British Railway Modelling (BRM)
BR EARLY DIESELS IN COLOUR PART TWO – CLASSES 37 TO 55, Book Law. PRICE £29.99
This is the companion volume to the one I reviewed last year, which described the smaller Classes 01 to 35, some of which were not particularly successful. It’s about the same size, the same all-colour A4 portrait format, and the same price, representing incredibly good value. The two should always be together. The standard of photography is superb (the frontispiece of the Class 47 at Bishop Auckland is one of the finest railway images I’ve ever seen; and not just of the locomotive).
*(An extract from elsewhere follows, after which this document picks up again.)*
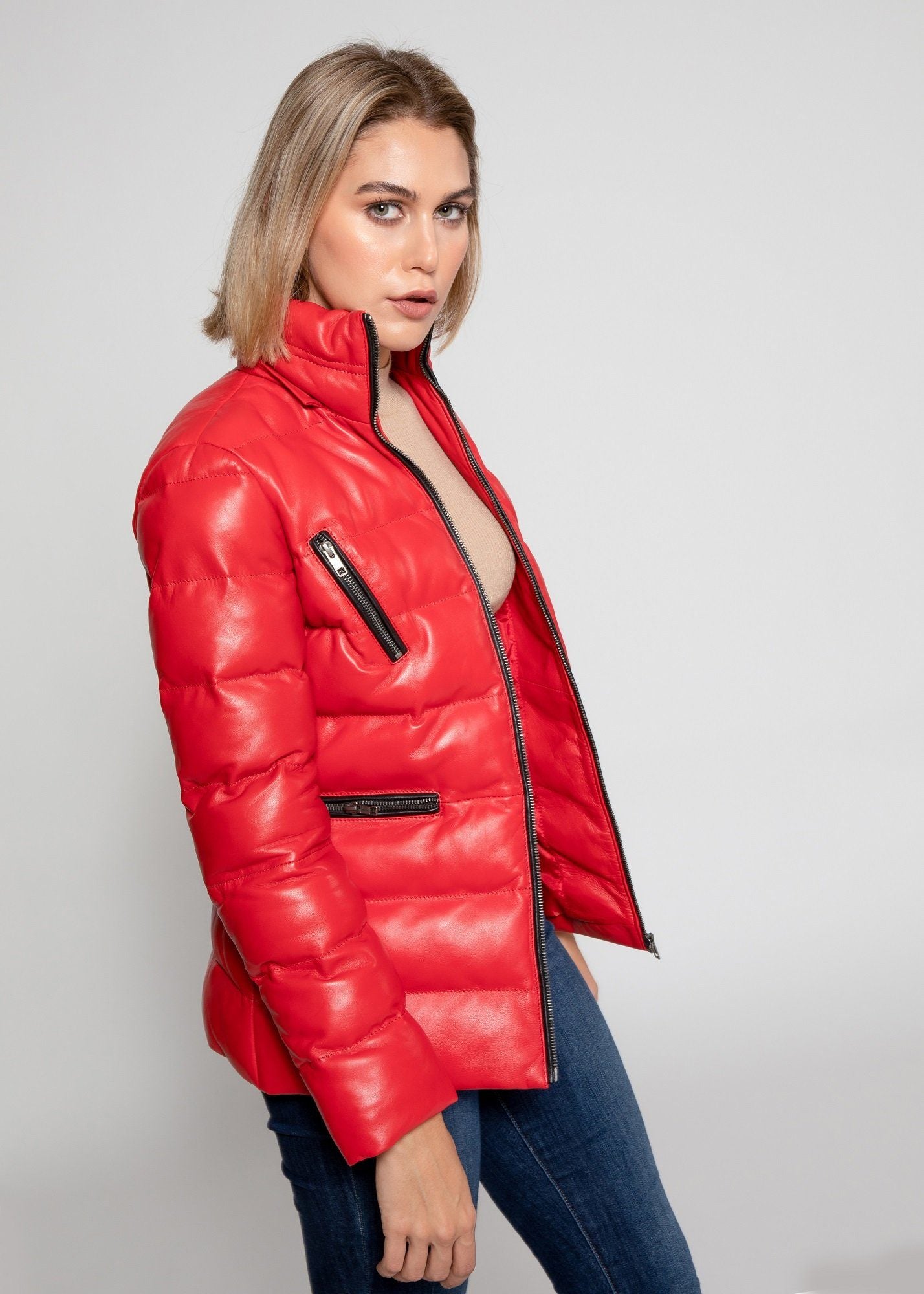 Womens Leather Jacket - Women's Striking Puffer Arctic Red Down Leather Jacket With Fur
The standard of reproduction is absolutely first class. Since the work is principallypictorial with extended, informative captions, this is essential, helped by printing on top-quality gloss stock – something Amadeus Press is renowned for. Just about every detail and livery manifestation in the locomotives is illustrated, though it’s a pity no green ‘Western’ image is present. As such, this wonderful work will be of great help to modellers; and not just those of locomotives, for the infrastructure these early diesels operated in is also beautifully illustrated, especially things like wonderful semaphore signalling and complex trackwork, not to mention a fantastic assortment of different trains. Of course, the mighty ‘Deltics’ appealed to me the most, though I saw all the other types as well, particularly in the two-tone green I first photographed them in. Gordon Highlander has been mistaken for Ballymoss on page 294. There’s a strange contradiction in the caption describing Western Monarch (bottom of page 283) – it’s in the state it’s in not because it wasn’t washed enough, but because it was washed too much! As for weathering, this work will provide inspiration in spades. It’s finished from page 302 onward with pictures and descriptions of pre-TOPS Classes – various shunters, the prototype Deltic and one of the SR 1-Co-Co-1 types. Nothing shows the Ivatt LMS pair, oddly. There are also sections showing Type 4s on the Settle & Carlisle, and diesel (and steam!) scenes between Oxenholme and Shap on the preelectrified WCML. All in all, a splendid job – I took many pictures illustrating the same things at many of the same places, so there’s plenty of personal nostalgia for me. If nothing else, it graphically shows how much has been lost forever from our railways – a sad consequence of ‘progress’. As intimated, it’s fantastic value for money and should find a place on any enthusiast’s library shelf.